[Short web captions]
_____
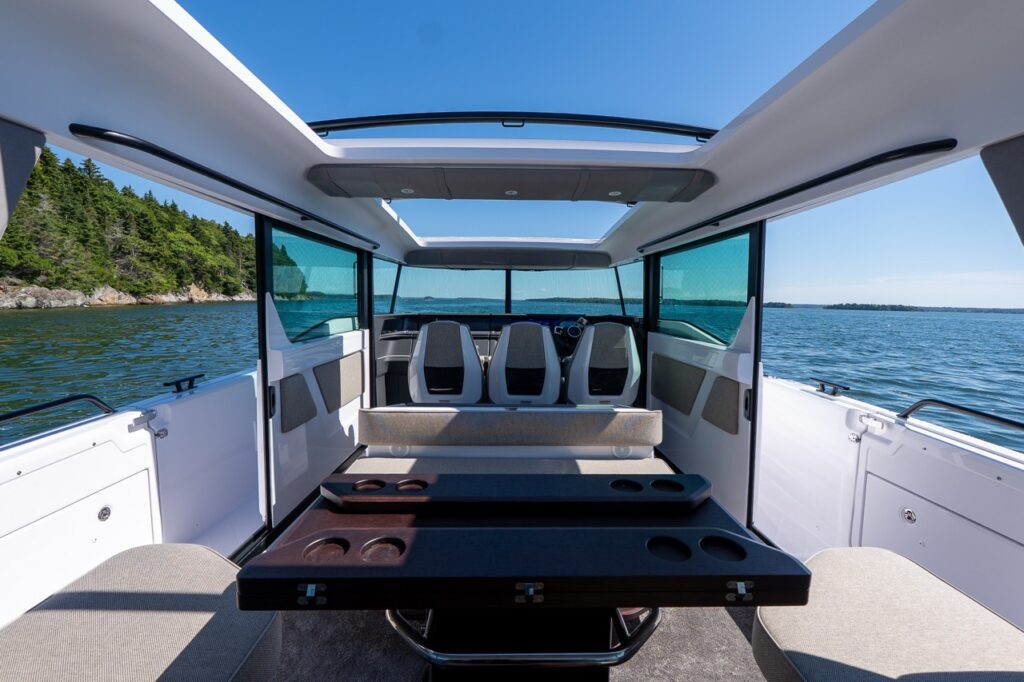 View forward from the aft seating area into the pilothouse with the rear pilothouse doors open, both sunroofs open overhead, and the cabin table in the foreground with three helm seats ahead and water on both sides.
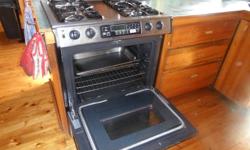 Beautiful stainless steel Maytag Insert Range.  Propane.  Excellent condition.  Very Clean.  Must sell.  We operate on solar system, ignitor rod for the oven takes too  much power from our system in a baking cycle.  Need to purchase a unit with pilot
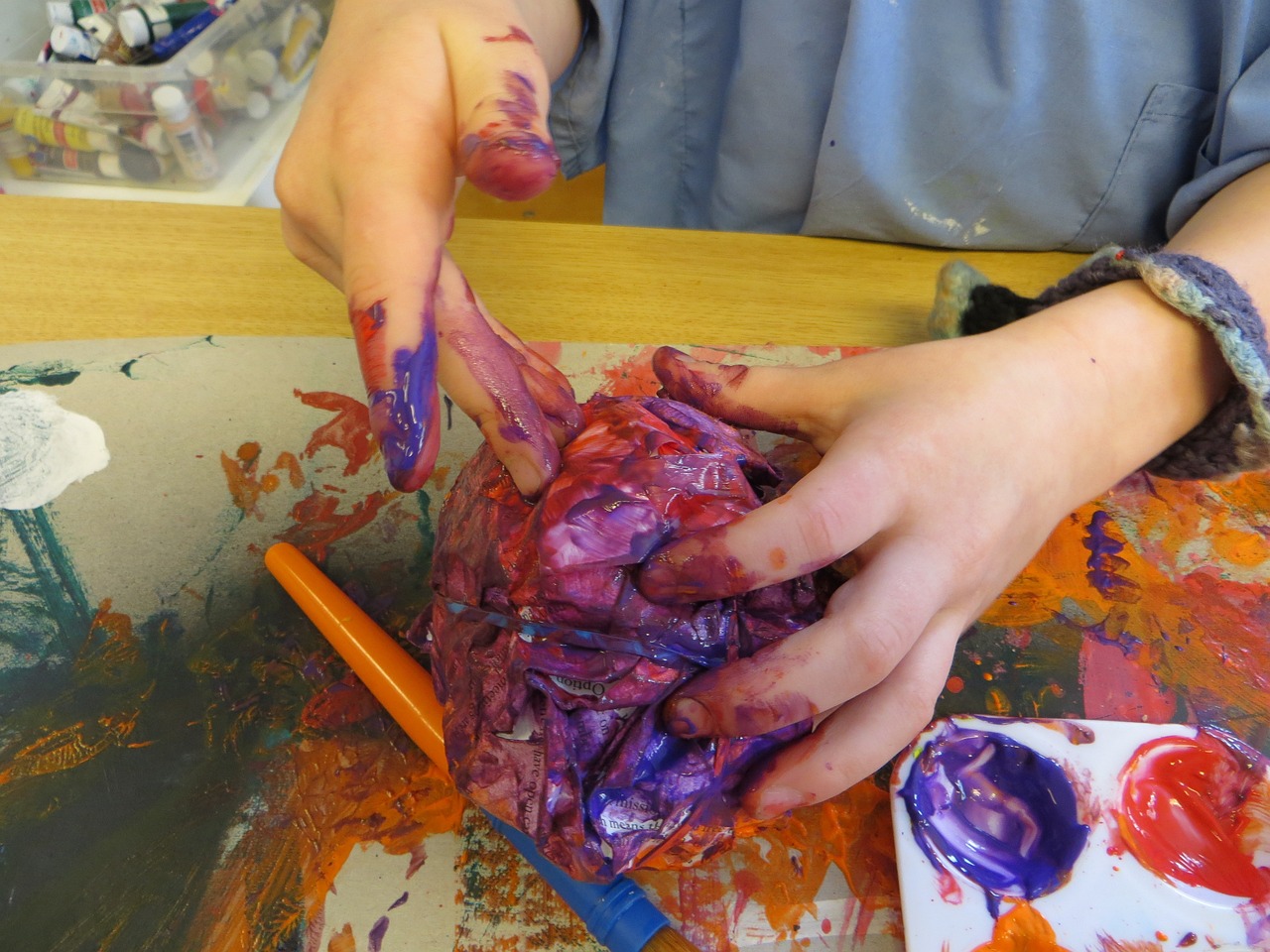 A close up of hands painting a craft.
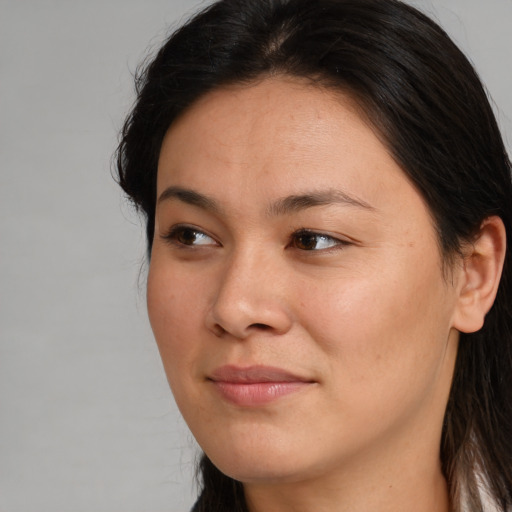 Joyful asian young-adult female with long  brown hair and brown eyes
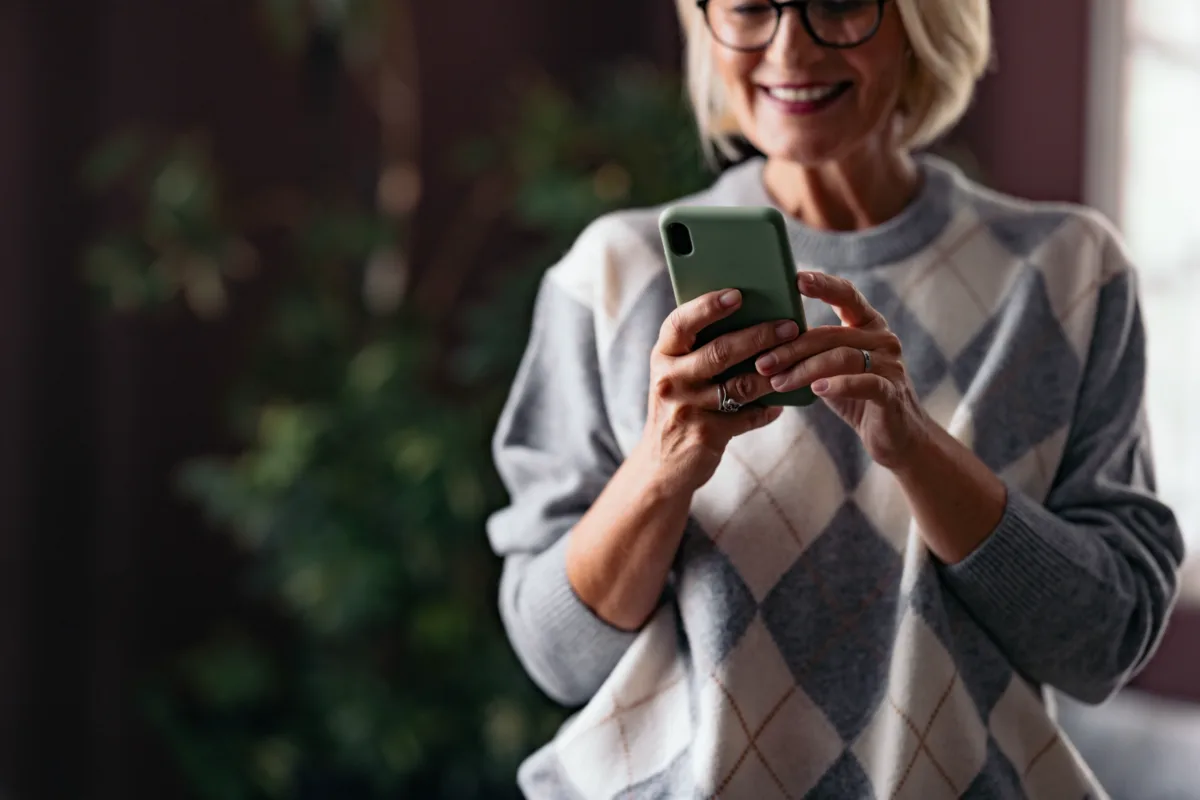 Smiling woman wearing glasses and an argyle sweater uses a smartphone indoors, with a blurred plant in the background.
_____
What's needed is an exact copy of every entry, minus the pictures.

§ **OUTPUT OF THE TASK**:
 View forward from the aft seating area into the pilothouse with the rear pilothouse doors open, both sunroofs open overhead, and the cabin table in the foreground with three helm seats ahead and water on both sides.
 Beautiful stainless steel Maytag Insert Range.  Propane.  Excellent condition.  Very Clean.  Must sell.  We operate on solar system, ignitor rod for the oven takes too  much power from our system in a baking cycle.  Need to purchase a unit with pilot
 A close up of hands painting a craft.
 Joyful asian young-adult female with long  brown hair and brown eyes
 Smiling woman wearing glasses and an argyle sweater uses a smartphone indoors, with a blurred plant in the background.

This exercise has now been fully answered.